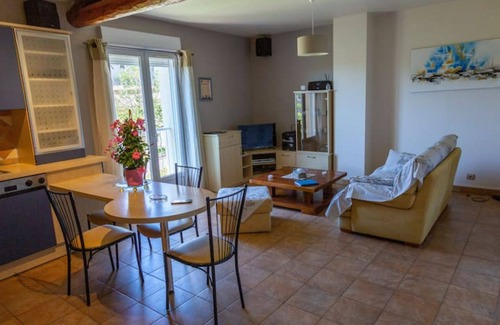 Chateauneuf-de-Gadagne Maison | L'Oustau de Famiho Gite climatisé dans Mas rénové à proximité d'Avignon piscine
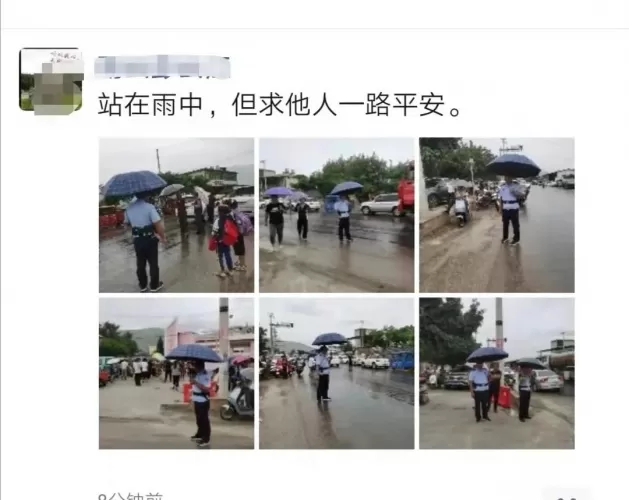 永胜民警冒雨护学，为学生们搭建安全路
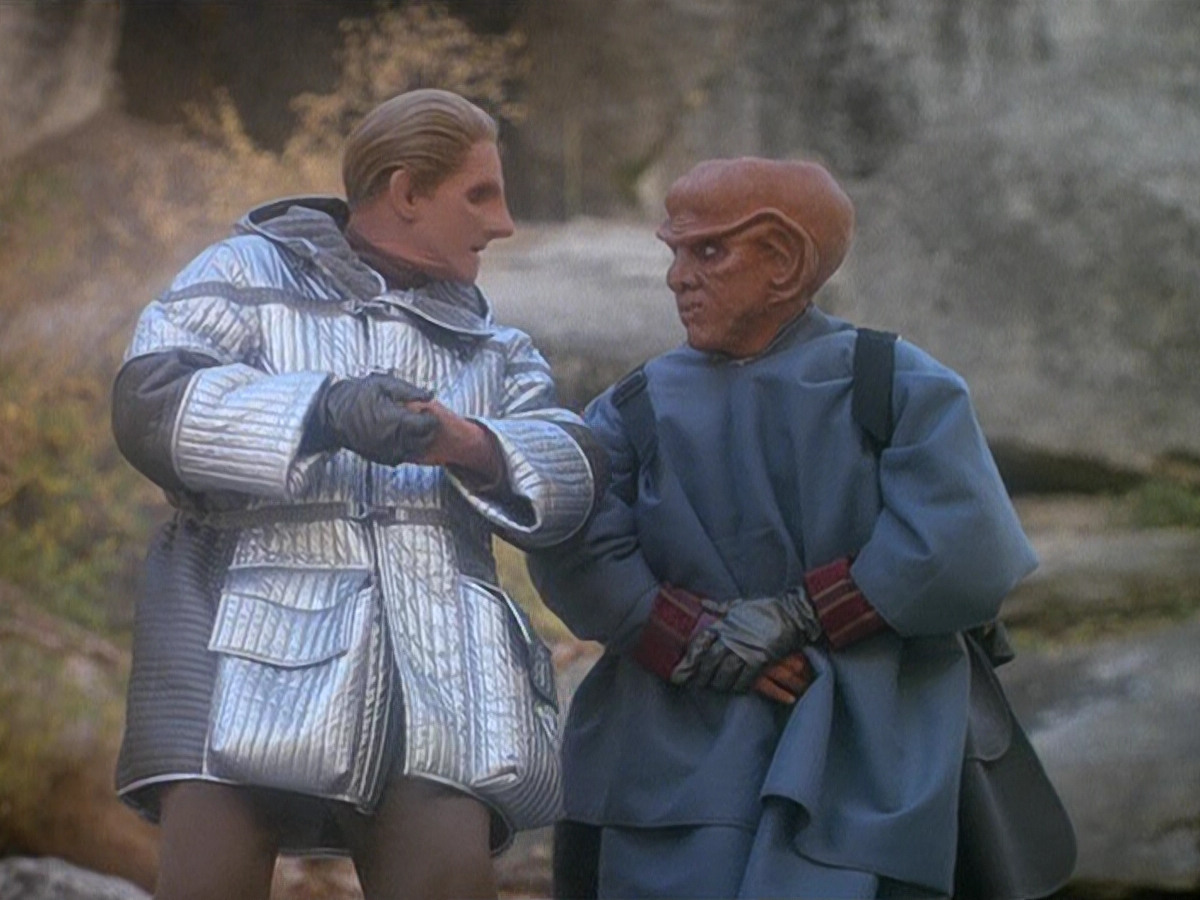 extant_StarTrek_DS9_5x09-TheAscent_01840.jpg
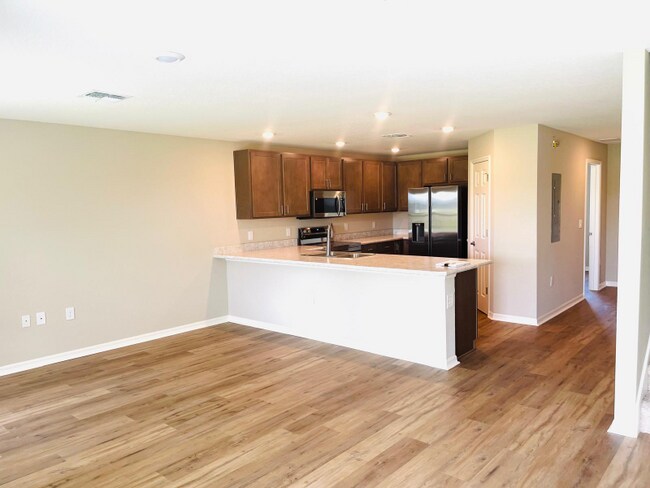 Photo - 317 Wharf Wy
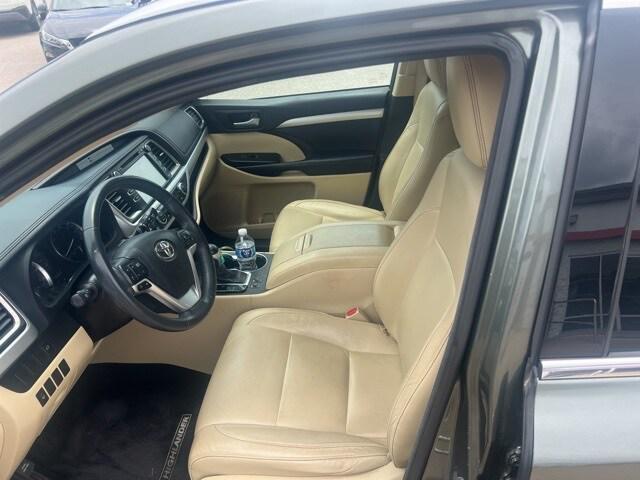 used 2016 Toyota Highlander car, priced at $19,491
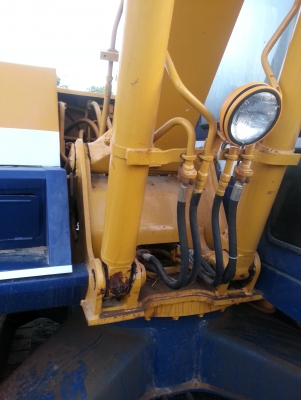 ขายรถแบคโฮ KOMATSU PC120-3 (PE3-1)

Action item »
The expected output is every line of the data, unchanged, with the pictures skipped.

Exercise solution »
 Chateauneuf-de-Gadagne Maison | L'Oustau de Famiho Gite climatisé dans Mas rénové à proximité d'Avignon piscine
 永胜民警冒雨护学，为学生们搭建安全路
 extant_StarTrek_DS9_5x09-TheAscent_01840.jpg
 Photo - 317 Wharf Wy
 used 2016 Toyota Highlander car, priced at $19,491
 ขายรถแบคโฮ KOMATSU PC120-3 (PE3-1)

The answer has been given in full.